A few weeks ago a bunch of the neighborhood kids started working on a fort built around a dead tree that had fallen on a strange triangle of land that was incredibly overgrown and wild; it was always unclear who owned this sliver of land and it seemed like the perfect place to build a fort. One day we brought out a picnic and a bunch of tools and built a huge wall from the fallen tree to another tree to completely enclose the fort, then inside the kids built booby traps and lookout posts. My daughter built a swing in there. We brought over kid-sized chairs and added a flagpole. The whole thing was pretty awesome.
Of course, such a bustle of positive activity invokes the Tyree Guyton Rule here in Detroit, which is, of course, Any time you try to do something positive with others' neglect, someone will finally pay attention and come along to tear it down. One day one of the sweet neighbor boys showed up on my porch, nearly in tears: "They tore down our fort!" No one knows who "they" were. They came while no one was looking and took it all away, including the dead tree. They even mowed the feral triangle.
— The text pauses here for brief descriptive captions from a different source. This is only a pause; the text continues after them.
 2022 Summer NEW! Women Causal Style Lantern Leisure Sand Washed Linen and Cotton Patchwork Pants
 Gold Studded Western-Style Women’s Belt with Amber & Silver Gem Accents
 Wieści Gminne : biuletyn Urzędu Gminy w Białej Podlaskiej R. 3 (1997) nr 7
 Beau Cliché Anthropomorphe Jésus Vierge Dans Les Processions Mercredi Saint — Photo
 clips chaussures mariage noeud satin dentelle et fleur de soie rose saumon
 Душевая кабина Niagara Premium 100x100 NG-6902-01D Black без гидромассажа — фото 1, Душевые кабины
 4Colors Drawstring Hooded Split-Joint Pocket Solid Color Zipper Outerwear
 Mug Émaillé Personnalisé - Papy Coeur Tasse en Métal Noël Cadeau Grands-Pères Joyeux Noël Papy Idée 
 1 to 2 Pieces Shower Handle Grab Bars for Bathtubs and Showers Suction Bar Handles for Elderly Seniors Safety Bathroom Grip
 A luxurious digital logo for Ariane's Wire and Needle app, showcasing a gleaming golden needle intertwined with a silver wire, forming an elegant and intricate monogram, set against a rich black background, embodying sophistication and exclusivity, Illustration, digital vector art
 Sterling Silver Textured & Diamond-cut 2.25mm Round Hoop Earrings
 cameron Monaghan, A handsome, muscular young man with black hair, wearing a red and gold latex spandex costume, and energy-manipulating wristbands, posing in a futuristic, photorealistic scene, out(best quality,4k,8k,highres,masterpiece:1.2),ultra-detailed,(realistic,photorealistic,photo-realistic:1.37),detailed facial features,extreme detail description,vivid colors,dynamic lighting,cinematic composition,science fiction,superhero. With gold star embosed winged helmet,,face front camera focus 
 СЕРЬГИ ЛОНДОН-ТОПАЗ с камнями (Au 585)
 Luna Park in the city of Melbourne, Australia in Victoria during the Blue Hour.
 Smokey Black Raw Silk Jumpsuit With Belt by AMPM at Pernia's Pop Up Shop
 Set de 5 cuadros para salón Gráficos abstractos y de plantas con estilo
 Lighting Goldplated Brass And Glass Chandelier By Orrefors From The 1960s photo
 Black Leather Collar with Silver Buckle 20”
The next day, the kids looked out into our park and saw that someone else had installed a lovely tire swing on the tree they already loved to climb in and play around while I threw a frisbee to the dog.
Now our afternoon dog walks are so much more fun. For some strange reason when they swing on that thing they shout "Opa!" like the waiters in Greektown do when they set their cheese on fire. It's really weird. They are very curious about who might have put the swing there, but I've stressed that the mystery is just another good part of living where we do.